Full Professor of Contemporary History at Universidad Complutense de Madrid. Head of Department of Historia Contemporanea at the same university. Visiting Scholar at the Institute of Latin American Studies at Columbia University (1979), and at Harvard University in 2003 (Center for European Studies) and Fellow of Real Colegio Complutense at Harvard University in 2003. Author or editor of some books, among them “El Partido Republicano Radical (1908-1936)” (1976), “Los nuevos historiadores ante la guerra civil española”, “Los significados del 98. La sociedad española en la génesis del siglo XX” and “Fernando de los Rios. Un intelectual en el PSOE” (2007). He has just published a new edition of Vicente Cacho Viu’s, “La Institución Libre de Enseñanza. I. Orígenes y etapa universitaria (1860-1881)” (Fundación Albéniz y Sociedad Estatal de Conmemoraciones Culturales, Madrid, 2010) and it’s about to publish an edition of letters between Indalecio Prieto and Fernando de los Ríos. His main fields of research are intellectual history, electoral studies, political biographies and Spanish republicanism and socialism.
“Spain – USA, USA – Spain: a late interchange between two traditions of liberalism”
Thinking about nation and society, normally intense among people who live far from their own country, takes on a higher relevance if this distance is due to political exile. We can find one of the first examples of this situation at the end of the 18th century, when some were forced to leave their countries as a result of their criticism of the political system.
This thinking concentrated on the social models of social organization in others countries.
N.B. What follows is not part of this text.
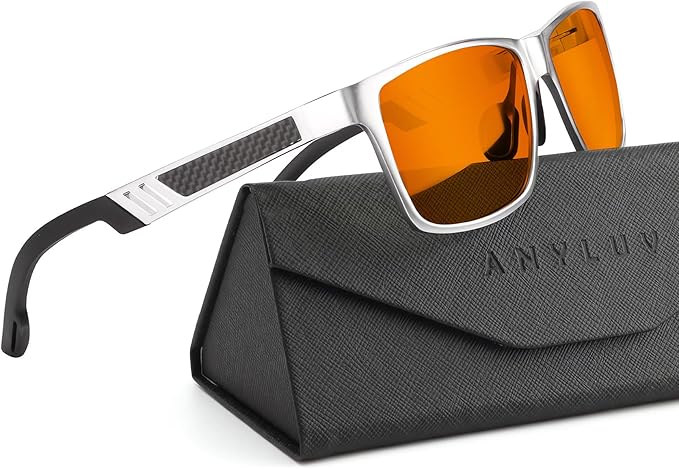 ANYLUV Blue Light Blocking Glasses Men Computer Gaming Glasses Lightweight Al-Mg Metal Anti Eyestrain Eye Protection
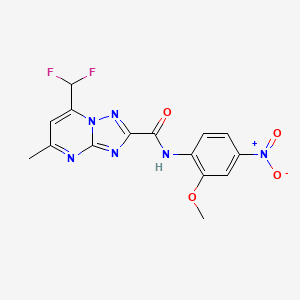 molecular formula C15H12F2N6O4 B4083218 7-(difluoromethyl)-N-(2-methoxy-4-nitrophenyl)-5-methyl[1,2,4]triazolo[1,5-a]pyrimidine-2-carboxamide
In addition to the French model, that was always the most familiar and studied by Spanish intellectuals and politicians, there was also from the beginning of the 20th century, a gradual interest in “emergent societies”, especially Germany.
In this sense, the interest in American models of social organization emerged later. The enthusiasm that figures such as Washington Irving, William Prescott, or George Ticknor had shown for the Spanish past did not find its equivalent in Spain until the mid 20th century, when George Santayana and Gregorio del Amo’s projects–with their special features–came up. Important figures such as Federico de Onís or Josep Pijoan embodied the most advanced positions among this cultural exchange. The Republican exile after the Spanish Civil War fostered this exchange and strengthened the intellectual communication that is the focus of this study.